We use Receiver Operator Characteristic (ROC) curves to further compare IPBT with the other methods. Figure 3(c) shows a typical ROC curve for one single simulation with two replicates. Detailed area under the curve (AUC) corresponding to Figure 3(c) is listed in Supplementary Table S7 (‘Random Choice’ column). The ROC curves again show that IPBT performs better than all the other methods in detecting DE genes except for the Z test, and the performances of our method and the Z test are similar. More results can be found in the simulation section of the Supplementary Materials (Supplementary Fig. S3; Table S6).

We further compare the consistency and stability of these methods in detecting DE genes. In each simulation, historical data remain unchanged, but five different sets of the control and treatment data were generated from the same underlying distributions. For each set of the control and treatment data, we apply all four methods to detect DE genes. We summarize the number of overlaps among the five lists of DE genes. The simulation procedure is repeated 500 times, and the average number of overlaps is used as a measure of consistency in detecting DE genes. We consider an average number of overlaps greater than or equal to four as an indication of high consistency and greater than or equal to three as moderate consistency. The average numbers of overlaps are reported in Table 1 which again shows that IPBT outperforms other methods except for the Z test in consistency, and the performances of IPBT and the Z test are close.

Table 1.

Consistency for detecting DE genes

Overlap times 3 4 5 High (4 + 5) Moderate (3 + 4 + 5)
Student's t-test 31.20 14.64 2.92 17.56 48.76
SAM 28.43 25.24 10.55 35.79 64.22
Limma 28.63 25.67 10.56 36.23 64.86
IPBT 33.12 30.39 11.54 41.93 75.05
Z test 33.31 31.47 11.23 42.70 76.01

Overlap times (Low variance) 3 4 5 High (4 + 5) Moderate (3 + 4 + 5)
Student's t-test 21.55 6.87 0.83 7.70 29.25
SAM 17.28 5.73 0.83 6.56 23.84
Limma 18.02 6.13 0.93 7.06 25.08
IPBT 33.57 28.67 10.69 39.36 72.93
Z test 33.28 32.49 12.71 45.20 78.48

* The best results (after excluding Z test) are in bold. 

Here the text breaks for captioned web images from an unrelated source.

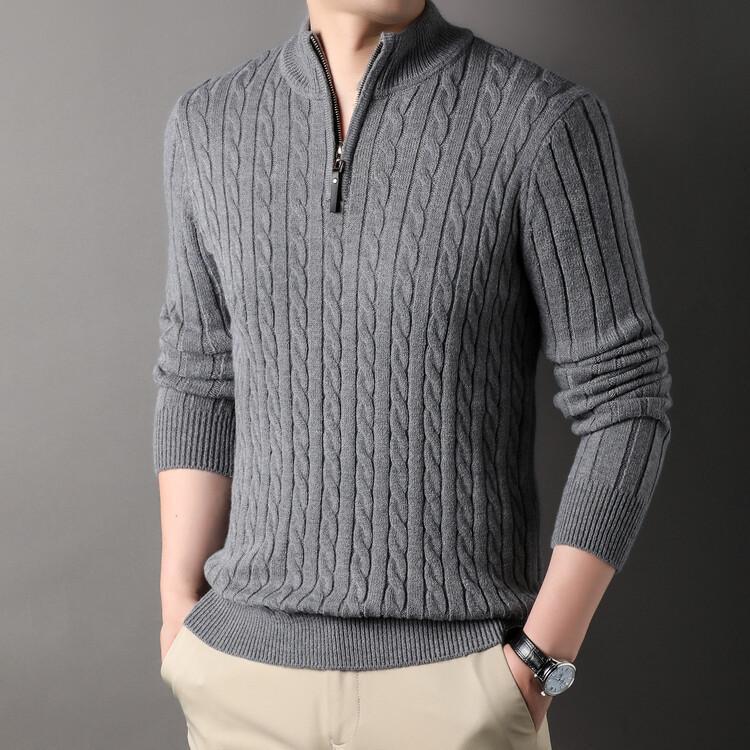 Men's elegant knitted sweater with half zipper and cable pattern Lisslune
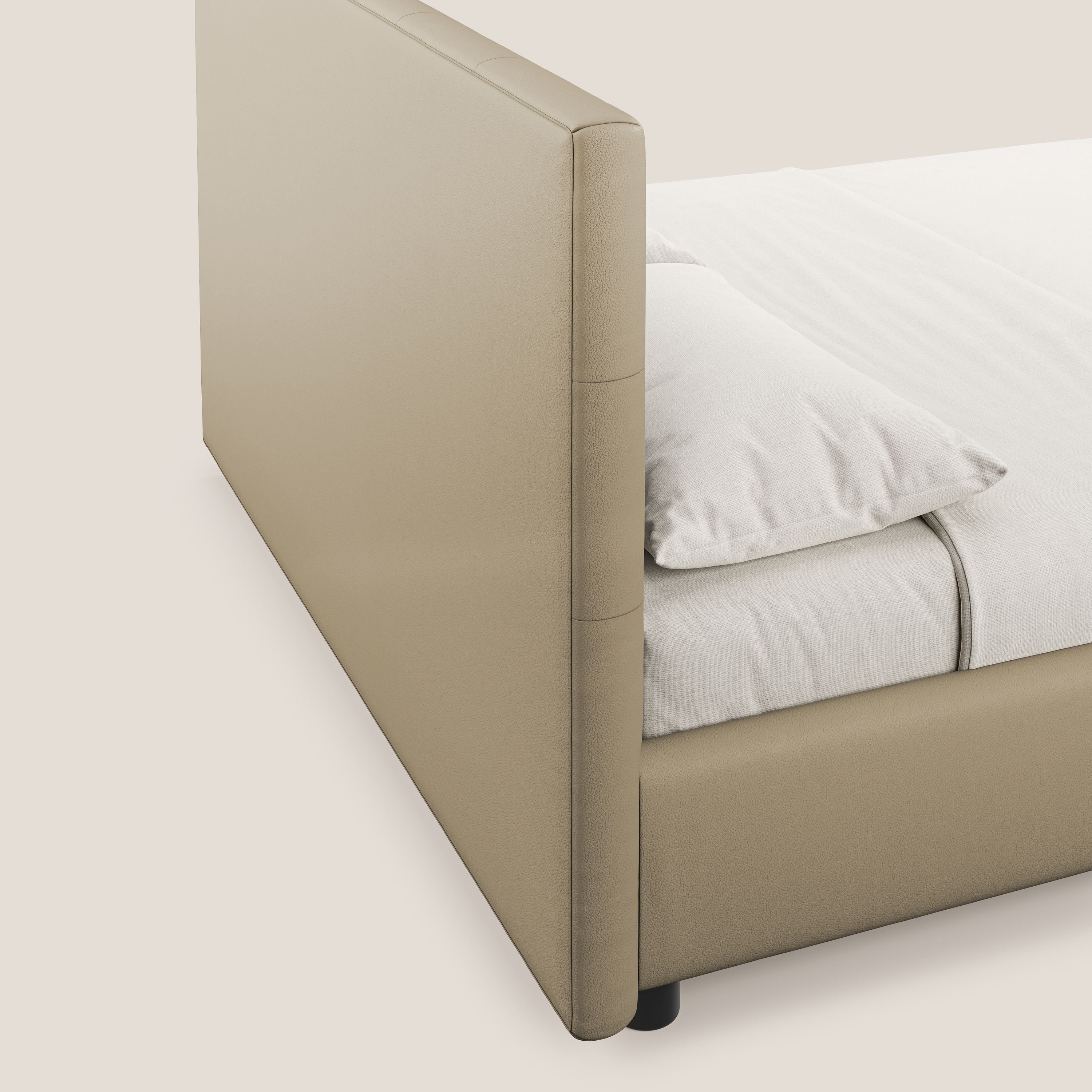 Minato letto imbottito contenitore con testata trapuntata in ecopelle impermeabile T04 beige - divani.store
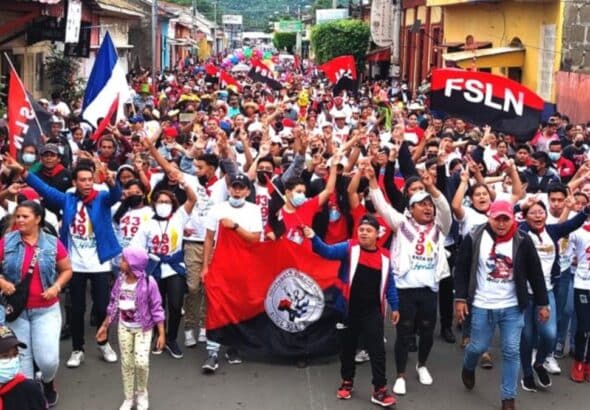 Sandinista supporters in Masaya, July 2022. Photo: John Perry
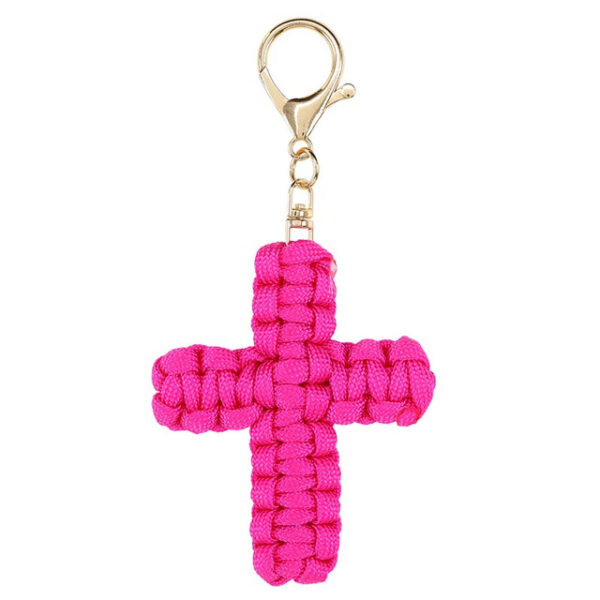Woven Paracord Cross Keychains with "We Give" Verse Wooden Display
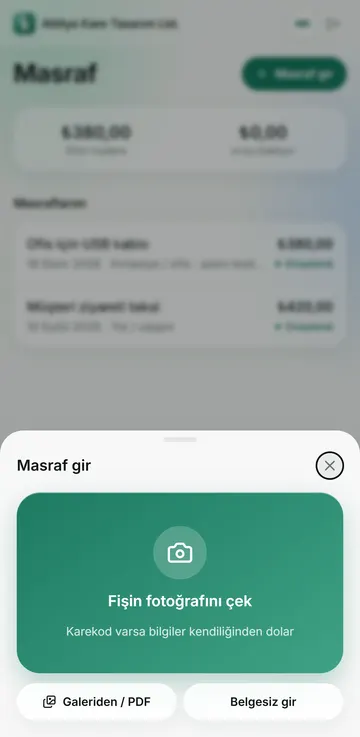 Masraf girişi: fişin fotoğrafını çekme ekranı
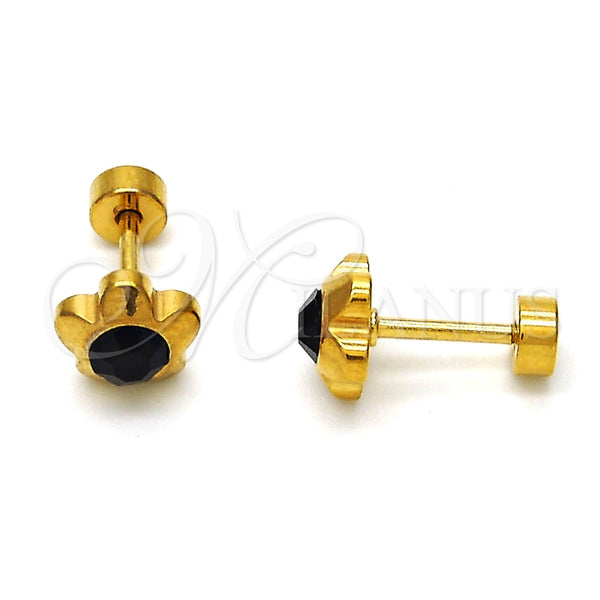 Arete Dormilona 02.271.0019.4 Acero Inoxidable, Diseño de Flor, con Negro Cristal, Pulido, Tono Dorado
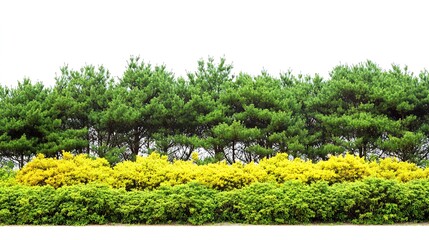 Green pine and yellow bush landscape; nature hedge; garden design; website banner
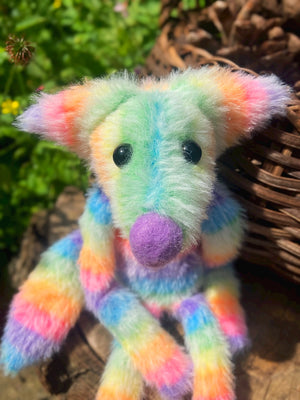 RAINBOW SHERBET FLUFFY FOX (G) - Handmade Weighted Plush Fox Doll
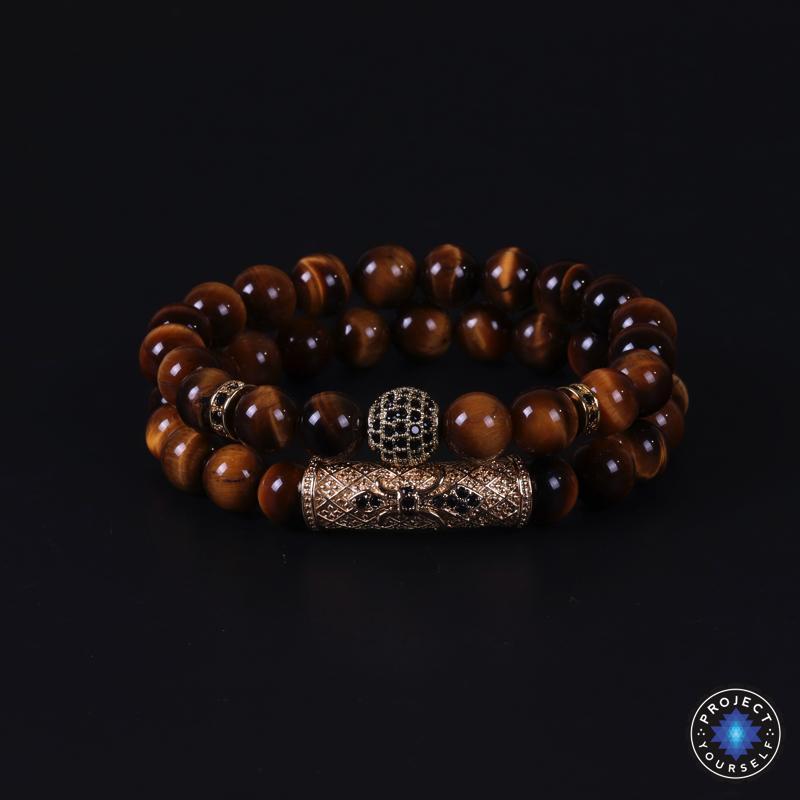 Bracelets en perles d'œil de tigre et d'agate noire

3.1.4 Impact of inaccurate variance estimation

In the previous simulation study, for each gene, we use the same distribution to generate current data and historical data. This represents an idealistic scenario and may not hold true in reality. To examine the robustness of our method, we conduct an additional simulation study in which both parameters in the normal distribution that produces the historical data are shifted such that the distributions that generate historical data and current data are no longer identical. The amount of shift is randomly drawn from a uniform distribution in the interval of (−20%, 20%). We investigate three types of noise-added historical data: unbiased, over-dispersion and under-dispersion. Supplementary Figure S5 in the Supplementary Materials shows that IPBT with noisy historical data still outperforms other methods. Although the performance of IPBT deteriorated when noisy historical data are used, it is still better than Student’s t-test, SAM and Limma in terms of FDR and is close to the gold standard Z test result in all scenarios. This result demonstrates the robustness of IPBT and implies its broad applicability even with potentially noisy historical data.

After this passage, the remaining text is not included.